As deserving of praise as all the players are, I just have to single out a personal favorite, Natalie Wood. Tapping into a natural edginess and heartbreaking eagerness to please that had only been hinted at in previous roles, Wood gives what I consider to be the best performance of her career. As the lovesick, worshipful Deanie, she displays an emotional daring I always find so compelling in actors. She is tragically vulnerable throughout, and she and the absurdly beautiful Warren Beatty (making his film debut) make a stunningly beautiful screen couple and display a palpable chemistry. (Tip: watch her in scenes where she's not the focus. She's entirely in character and reacting to everything at each moment in a way that feels so wonderfully spontaneous. I can't say enough about her in this film.

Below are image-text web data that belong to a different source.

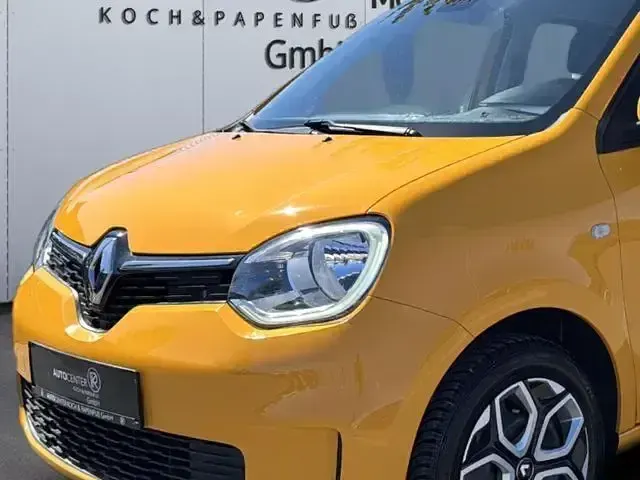 Używany Renault Twingo LIMITED 96 KM (70 kW) 2020 Biały Hatchback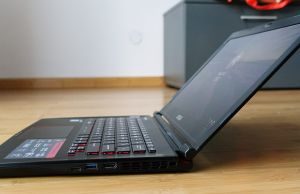 msi gs43 sideview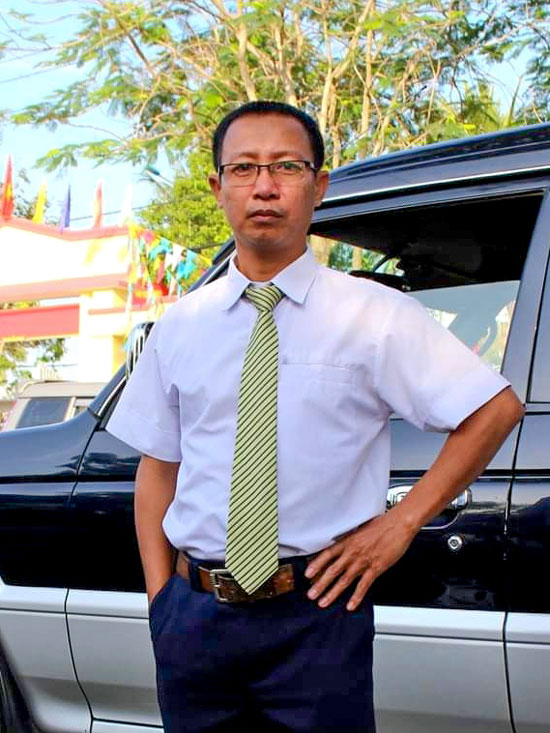 Thầy giáo Nguyễn Anh Tân, người nhặt được chiếc bóp và tìm trao trả lại cho người đánh rơi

The Oscar nomination she garnered was so very well-deserved.)
Zohra Lampert as Angeline
I have always had a thing for this appealingly sensitive, low-key actress (and marvelous comedienne) who deserved a bigger career. She has a bit of a cult fan base built around the horror film Let's Scare Jessica to Death, but outside of her scene-stealing performance here, I mostly know her as the Goya Beans spokeslady.

THE STUFF OF FANTASY
Splendor in the Grass is a tragic love story in the grand tradition. True love, in the form of Deanie and Bud, finds no solace or sanctuary in small-town (small-minded) mores that uphold the curious notion that the pursuit of happiness is good, but the pursuit of ecstasy is sinful and wrong. Instead, love that should be simple and uncomplicated descends into confusion and madness, the star-crossed pair suffering at the hands of false morality and parental interference.  
Understatement
Aside from Natalie Wood's stubbornly contemporary look throughout most of the film, Splendor in the Grass has one of its greatest assets in its detailed depiction of small-town life and attention to period. In addition, it's a great-looking film, from the atmospheric cinematography (Boris Kaufman) to the costumes, to the eye-catching art direction.
Personal favorite Sandy Dennis (l.) makes her film debut as Kay,
a somewhat fair-weather friend of Deanie's
.

THE STUFF OF DREAMS
I first saw Splendor in the Grass when I was a youngster back in the late sixties, and recall being struck by how much the film's chronicling of a uniquely American brand of sexual restlessness in the face of cultural change (rampant horniness crossed with faith-based guilt), echoed the cultural climate of what was going on in America at the time. In terms of young people confronting changing attitudes about morality, sex, family, religion, double-standards, and women's roles, the America of the late '60s was not dissimilar to the America of 1929. A reality even 1961 audiences must have felt when confronted by the relative sexual candor of Splendor in the Grass hot on the heels of the conservative Eisenhower years.
Comedienne Phyllis Diller makes her film debut as real-life nightclub owner, Texas Guinan
I can't say I really understood Splendor in the Grass when I first saw it. Thrown by the film's portentous manner and the pedigree of talent both behind and in front of the camera, I simply thought the film had gone over my head. I went away from it thinking I had just seen the most poetic film about blue balls ever made.
Life experience has revealed to me that Splendor in the Grass is about much more than sexual desire. Familial obligation, guilt, love, innocence, loss, and coming-of-age maturity all make William Inge's bittersweet look at young love a film I always enjoy revisiting, and one of my all-time favorite Natalie Wood movies.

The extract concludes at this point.